Le juge de l’amour :

- Cette jeune fille est citée à comparaître dans ce tribunal des cœurs brisés pour s’être fait aimée de ce jeune homme et pour lui avoir fait croire que les sentiments étaient partagés.

Maître Cupidon la parole est à vous :

- Les faits vous accusent et vous accablent chère demoiselle...votre charme enivrant et votre sourire angélique ont trompé mon client. Vous avez usé abusivement de votre pouvoir de séduction pour amener ce jeune homme à s’éprendre de vous.
Je tiens à inviter les membres du jury à contempler le majestueux regard ainsi que la grâce pleine de volupté de l’accusée.
Nul homme doté de tous ses sens n’aurait pu se défaire de la magnificence de son corps mais aussi et surtout de sa personnalité pleine d’entrain aspirant à un attachement sans mesure.

Elle a délibérément usé de ses atouts physiques et moraux pour amener mon client à se perdre dans une émotion qu’il a consenti à connaître malgré lui.

Pour parfaire l’argumentation de mon plaidoyer j’ai fait appel à un expert qui sera à même de nous présenter une analyse très précise sur l’apparence de la jeune femme. J’appelle le docteur Narcisse à la barre.

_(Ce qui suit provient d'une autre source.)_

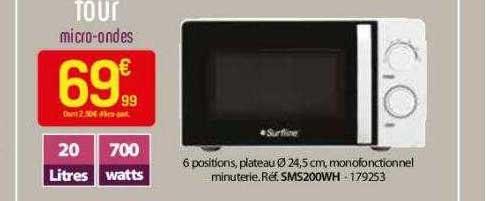 tour micro-ondes surfline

Docteur, pouvez vous nous établir la conclusion que vous avez rédigé lors de votre expertise ?

- La conclusion qui en est ressortie après entretien avec l’accusée votre Honneur, est la suivante : Le caractère unanime de sa beauté ne faisant aucun doute sur la déconvenue de la victime qui s’en est amourachée inévitablement sans prendre garde aux démêlées qu’elle cachait a succombé de manière logique à une apparence mielleuse. De ce fait, il n’a pu aucunement lutter contre le diktat de sa chair.

- Je vous remercie docteur Narcisse pour ces précisions qui seront conservées très précieusement par le greffier du cœur.

Maître Cupidon veuillez poursuivre votre plaidoirie.

- Votre Honneur si je puis me permettre, laissez moi vous présenter un objet qui possède
tout son sens au vu de l’affaire. Il s’agit d’une flèche provenant de mon carquois.
Comme la Cour peut le constater, elle est intacte. Or il se trouve qu’elle a été tirée par mes soins en direction de l’accusée. Pour ceux qui se demande ce de quoi il en retourne, mes fonctions s’élargissent au delà de mon métier d’avocat de l’amour, car il m’arrive à mes heures perdues de me prêter au rôle singulier de conciliateur. Autrement dit, Je m’évertue à faire tomber les personnes amoureuses les unes des autres en les transperçant de mes flèches. Oh mais rassurez vous, celles-ci ne tuent pas car elles sont enchantées ! Et pourtant bien que très puissant le charme n’a pas agi sur cette fille sur laquelle mon dévolu s’était jeté ! Voyez la flèche ici présente qui était censée se plier au contact de sa peau…remarquez vous la moindre fêlure ? Bien sur que non car cette femme est insensible aux effets de l’amour !
En revanche, cette autre flèche que j’ai extraite ardemment de mon client est belle et bien fourchue ! C’est la le signe que l’enchantement a bien fonctionné !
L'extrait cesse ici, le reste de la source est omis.